Two drawings by the masterful Laurence Stephen Lowry are to be sold in Tennants Auctioneers’ Modern and Contemporary Art Sale on 4th March in Leyburn, North Yorkshire. The works, which span Lowry’s artistic career, represent two of his overriding interests: the streets of Greater Manchester and the Sea.
“The Stepped Street” (estimate: £50,000-80,000 plus buyer’s premium) encapsulates Lowry’s skill as a draughtsman at an early stage of his career when he had not long left art school. Executed in 1929 during a golden period of creativity for the artist, the drawing depicts Crowther Street in Stockport, which was later partially demolished. Following a suggestion from his father, Lowry had begun sketching threatened landmarks, such as Crowther Street in Stockport and St Simon’s Church in Salford, the latter of which was raised to the ground just a few days after he captured it on paper.

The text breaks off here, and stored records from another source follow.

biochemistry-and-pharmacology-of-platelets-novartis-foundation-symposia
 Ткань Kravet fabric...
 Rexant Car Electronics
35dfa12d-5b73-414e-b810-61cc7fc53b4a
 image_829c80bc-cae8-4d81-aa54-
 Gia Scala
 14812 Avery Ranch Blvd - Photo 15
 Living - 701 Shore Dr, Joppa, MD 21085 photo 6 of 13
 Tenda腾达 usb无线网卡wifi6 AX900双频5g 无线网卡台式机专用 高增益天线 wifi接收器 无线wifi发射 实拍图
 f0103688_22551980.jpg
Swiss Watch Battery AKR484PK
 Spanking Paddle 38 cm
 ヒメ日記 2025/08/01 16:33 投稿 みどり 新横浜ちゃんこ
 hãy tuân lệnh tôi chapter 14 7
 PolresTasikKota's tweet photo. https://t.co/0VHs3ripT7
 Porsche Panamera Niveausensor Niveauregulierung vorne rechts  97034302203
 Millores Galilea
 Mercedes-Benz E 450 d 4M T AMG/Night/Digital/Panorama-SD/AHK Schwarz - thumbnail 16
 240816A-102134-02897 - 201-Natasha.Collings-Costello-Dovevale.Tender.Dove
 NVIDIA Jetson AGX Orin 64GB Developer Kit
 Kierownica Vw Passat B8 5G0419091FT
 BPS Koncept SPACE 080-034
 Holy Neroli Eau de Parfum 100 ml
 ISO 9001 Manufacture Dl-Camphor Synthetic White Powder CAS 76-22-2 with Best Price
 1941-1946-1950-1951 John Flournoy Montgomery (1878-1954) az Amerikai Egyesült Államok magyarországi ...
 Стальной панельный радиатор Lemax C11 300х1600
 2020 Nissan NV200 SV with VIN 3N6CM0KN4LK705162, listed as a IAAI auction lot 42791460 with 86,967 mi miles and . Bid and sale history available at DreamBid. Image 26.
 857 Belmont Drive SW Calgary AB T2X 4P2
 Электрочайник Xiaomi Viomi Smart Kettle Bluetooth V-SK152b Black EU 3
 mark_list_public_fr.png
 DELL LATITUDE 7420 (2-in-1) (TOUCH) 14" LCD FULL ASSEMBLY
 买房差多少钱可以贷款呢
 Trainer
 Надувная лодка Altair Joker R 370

No mere sketch, “The Stepped Street” is a fully realised, detailed work filled with his much-loved signature motifs of men strolling with hands in pockets, children with bared knees, prams, groups of women exchanging news, a solitary seated dog, and the smoke of domestic fires drifting into the air echoing the nearby giant factory chimneys. Daily life is captured with charm and affection, set out as if on a theatre stage on the pleasingly curved, stepped cobbled street winding it’s way upwards into the distance. It was clearly a scene that stayed with him, as he returned to the subject in 1930 executing an oil painting from the same off-set viewpoint, now held in the collection of Stockport Heritage Services, and in 1961 when he painted a simpler version in keeping with his later style. Indeed, he later recounted his pleasure in painting steps when he said, “Steps and things… I liked doing steps… steps anywhere you like, simply because I like steps.”